4	For each of the mixtures in Q3 (a) - (d), is the reaction spontaneous towards the products side or the reactants side?
5	Calculating the temperature at which spontaneous/non-spontaneous transition occurs At standard conditions and at 298 K, the reaction 2NO(g) + O₂(g) → 2NO₂(g) is spontaneous. Calculate the temperature at which it becomes non-spontaneous, assuming standard conditions apply.
6	Calculation of K from ΔG^o. Calculate K at 298 K for the reaction N₂(g) + 3H₂(g) 2NH₃(g) What does the value obtained indicate about the reaction and does this agree with your answer to Q2(d)?
7	Calculate K at 298 K for the reaction N₂(g) + O₂(g) 2NO(g) What does the value obtained indicate about the reaction and does this agree with your answer to Q2(c)?
8	Additional problems A suggestion for solving the fuel requirement problem is to use electric power generated from solar energy to electrolyse water to form H₂(g) and O₂(g). The hydrogen then provides a pollution free fuel. (a) Calculate the enthalpy, entropy and thence the free energy change for the combustion of 2.00 g H₂(g) to form H₂O(l) at 298 K and 1 atm pressure. (b) Calculate the enthalpy, entropy and thence the free energy change for the combustion of 2.00 g of gaseous octane, C₈H₁₈(g), to form CO₂(g) and H₂O(l) at 298 K and 1 atm pressure. For C₈H₁₈(g), use _fS^o = 467 J K^-1 mol^-1 and Δ_fH^o = -208 kJ mol^-1.

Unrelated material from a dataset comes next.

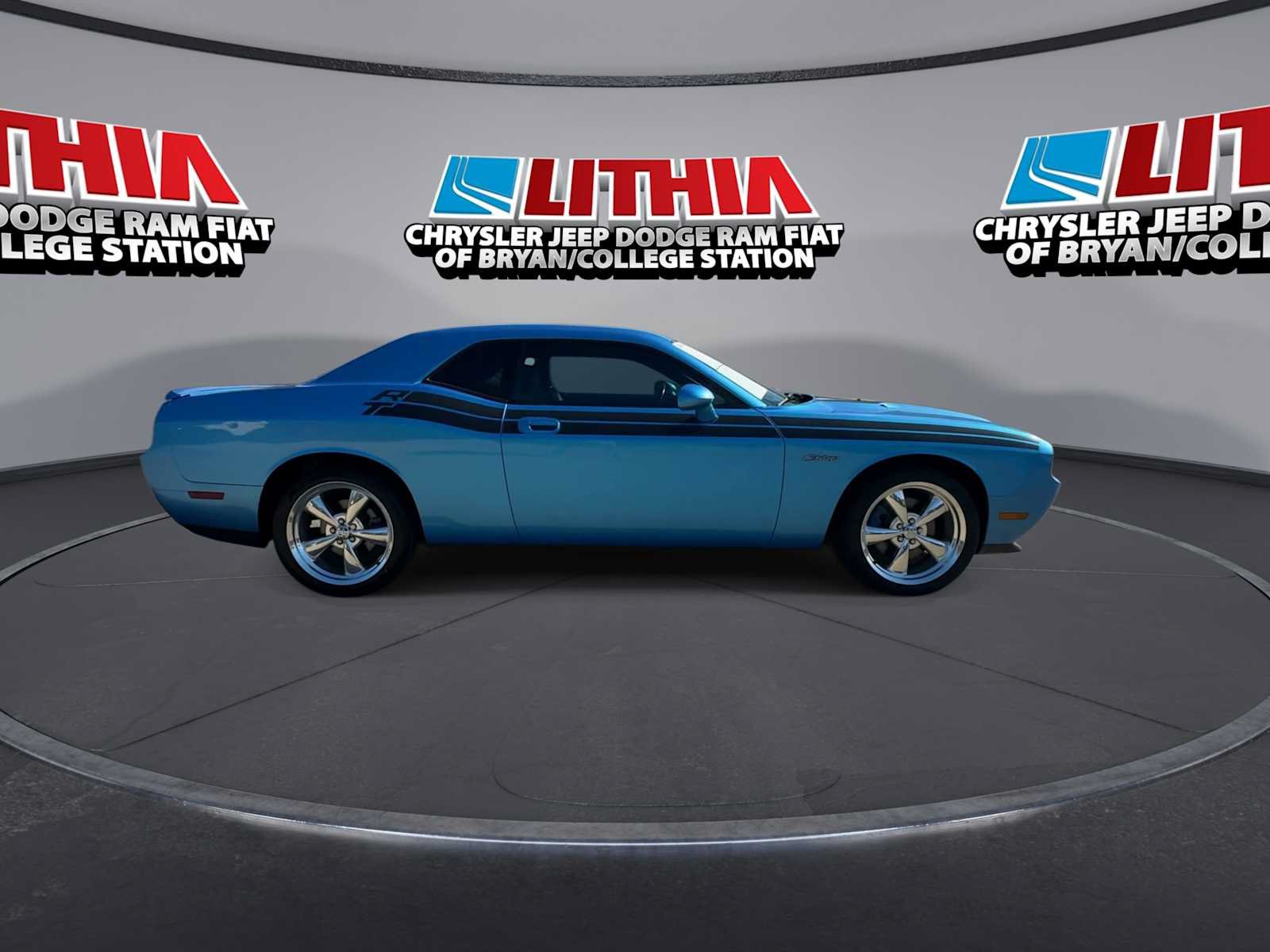 Used 2010 Dodge Challenger R/T RWD image 9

9	(a) A bloke you met in a pub offers to sell you a catalyst that allows benzene to be formed by passing hydrogen gas over graphite at 25^oC and one atmosphere pressure. Should you buy it? Why? (b) Is the reaction 2Fe(s) + ³/₂O₂(g) → Fe₂O₃(s) spontaneous at 298 K and one atmosphere pressure of oxygen gas? (c) Is the reaction to form glycine, 2CH₄(g) + NH₃(g) + ⁵/₂O₂(g) → H₂NCH₂COOH(s) + 3H₂O(l) spontaneous at 298 K and one atmosphere pressure of the all gaseous components?

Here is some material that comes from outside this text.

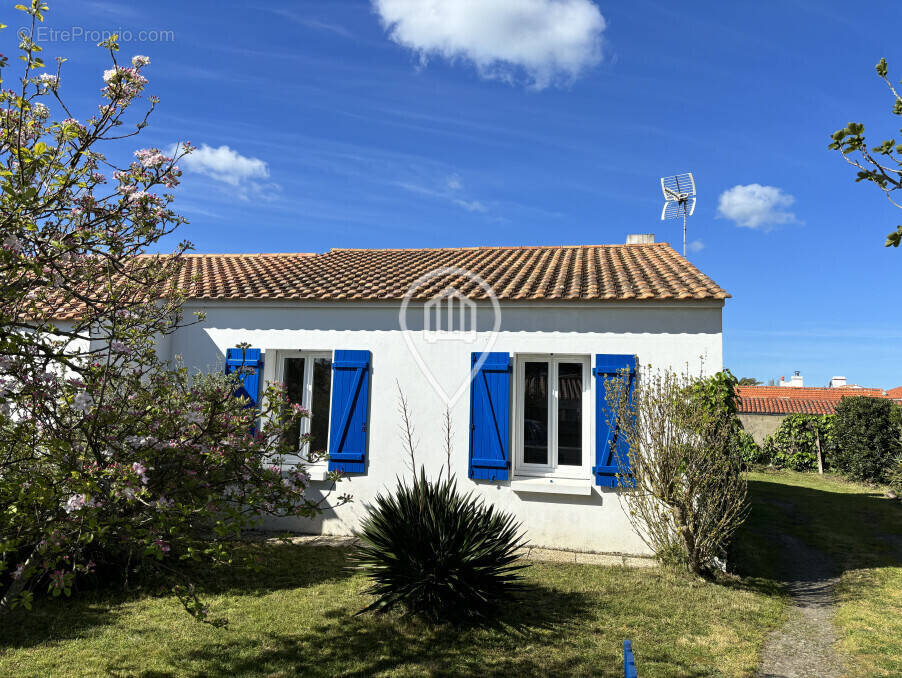 Maison à L&#039;EPINE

10	Using standard enthalpy and entropy tables, determine the standard free energy change at 298 K for the reaction 2NO(g) + O₂(g) → 2NO₂(g)
11	Use standard free energy of formation tables to calculate ΔG^o for the reaction in the previous problem.

12	A reaction is non-spontaneous at room temperature but is spontaneous at -40^oC. What can you say about the signs and relative magnitude ofΔH^o,ΔS^o and TΔS^o?
13	Calculate ΔG^o for the dissociation of HBrO, and thence ΔG for the dissociation when [H₃O⁺] = 6.0 x 10^-4 M, [BrO^-] = 0.10 M and [HBrO] = 0.20 M. [Data: pK_a(HBrO) = 8.64]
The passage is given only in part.